5G set to speed up security risks

5G illustration

Illustration: Sarah Grillo/Axios

The ways we secure all the internet-connected devices that litter our homes and offices — the so-called Internet of Things (IoT) — won't work for very long.

The big picture: Those devices are often built with flimsy defenses, leaving concerned owners to rely on external security tools and network scanning. And one expert warns that even those tools can't work with the next generation of technology that uses 5G connections rather than local networks.

The warning comes from Mikko Hyppönen, chief research officer for F-Secure, a company that makes one of the security products he says may soon be outdated.

"5G is coming. Then 6G is coming."
— Mikko Hyppönen

Unsecured connected devices are scary for a variety of reasons. They can be a foothold for a hacker to enter the rest of a network. They can be creepy surveillance tools — a smart TV is also an internet-connected camera and microphone a hacker might reach. Whole armadas of connected devices can be reprogrammed to simultaneously contact a particular server, flooding it with so much traffic it crashes. And cheaply manufactured brands often have the least built-in security.

Why it matters: If Hyppönen is right, as homes and offices become more connected than they have every been, they will become more difficult to secure than they have ever been.

This is not hypothetical. All of these attacks are currently seen in the wild — from hackers talking to children over baby monitors to crashing huge swaths of the internet. IoT security is widely regarded as pretty bad, which makes some sense. When was the last time you bought a refrigerator based on its security?

The current solution: Consumers can currently buy beefed-up WiFi routers built to provide the security that devices don't have. F-Secure makes one of these. More elaborate solutions exist for corporate networks, but all the commercial solutions boil down to monitoring the network traffic in and out of devices.

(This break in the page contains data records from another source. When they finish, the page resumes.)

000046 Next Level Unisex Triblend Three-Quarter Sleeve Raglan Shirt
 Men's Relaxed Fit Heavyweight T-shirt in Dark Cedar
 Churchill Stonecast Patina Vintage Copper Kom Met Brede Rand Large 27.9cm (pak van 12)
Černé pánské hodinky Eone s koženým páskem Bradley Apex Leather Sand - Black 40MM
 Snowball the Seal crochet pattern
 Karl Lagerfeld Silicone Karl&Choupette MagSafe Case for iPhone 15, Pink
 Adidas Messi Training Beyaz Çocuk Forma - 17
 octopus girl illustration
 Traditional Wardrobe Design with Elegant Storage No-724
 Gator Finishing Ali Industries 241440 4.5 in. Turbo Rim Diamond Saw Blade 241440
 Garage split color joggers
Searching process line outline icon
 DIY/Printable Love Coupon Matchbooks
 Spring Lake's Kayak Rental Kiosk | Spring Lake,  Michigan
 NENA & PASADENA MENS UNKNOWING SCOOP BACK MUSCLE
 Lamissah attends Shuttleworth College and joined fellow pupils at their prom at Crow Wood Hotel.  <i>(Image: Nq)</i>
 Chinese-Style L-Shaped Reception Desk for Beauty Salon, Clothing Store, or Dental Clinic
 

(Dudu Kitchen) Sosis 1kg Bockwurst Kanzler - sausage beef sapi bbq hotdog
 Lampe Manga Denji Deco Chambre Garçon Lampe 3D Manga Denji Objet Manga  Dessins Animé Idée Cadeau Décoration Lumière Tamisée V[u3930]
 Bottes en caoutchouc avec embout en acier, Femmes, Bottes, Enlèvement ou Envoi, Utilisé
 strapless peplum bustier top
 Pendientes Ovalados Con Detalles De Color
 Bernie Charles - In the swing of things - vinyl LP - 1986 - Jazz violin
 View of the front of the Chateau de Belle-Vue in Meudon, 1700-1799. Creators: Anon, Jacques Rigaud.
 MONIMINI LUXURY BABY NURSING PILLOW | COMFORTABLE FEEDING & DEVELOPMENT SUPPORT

Too many Gs. "All the answers we have will only last a couple of years," said Hyppönen. As mobile technology gets faster and cheaper, devices will turn to cell networks to access the internet directly, rather than through owners' WiFi networks. Customers will want to place internet connected security cameras where their WiFi doesn't reach. Whatever protections users' networks may use will no longer apply.

  • Mobile networks may have one security advantage. Because they rely less on a local network, they could make it harder for a hacker to set up shop in a connected toaster and move from that perch to the rest of a network.

The back-up plans: There are currently a variety of efforts in place to pressure IoT makers to provide more security, including plans for more regulation or increasing civil liability for devices. But none of those solutions are perfect.

  • A string of major attacks that took out vast swaths of the U.S. internet came from cameras made and sold within China — beyond the reach of U.S. regulations — so there's some question about how viable or effective regulations could be.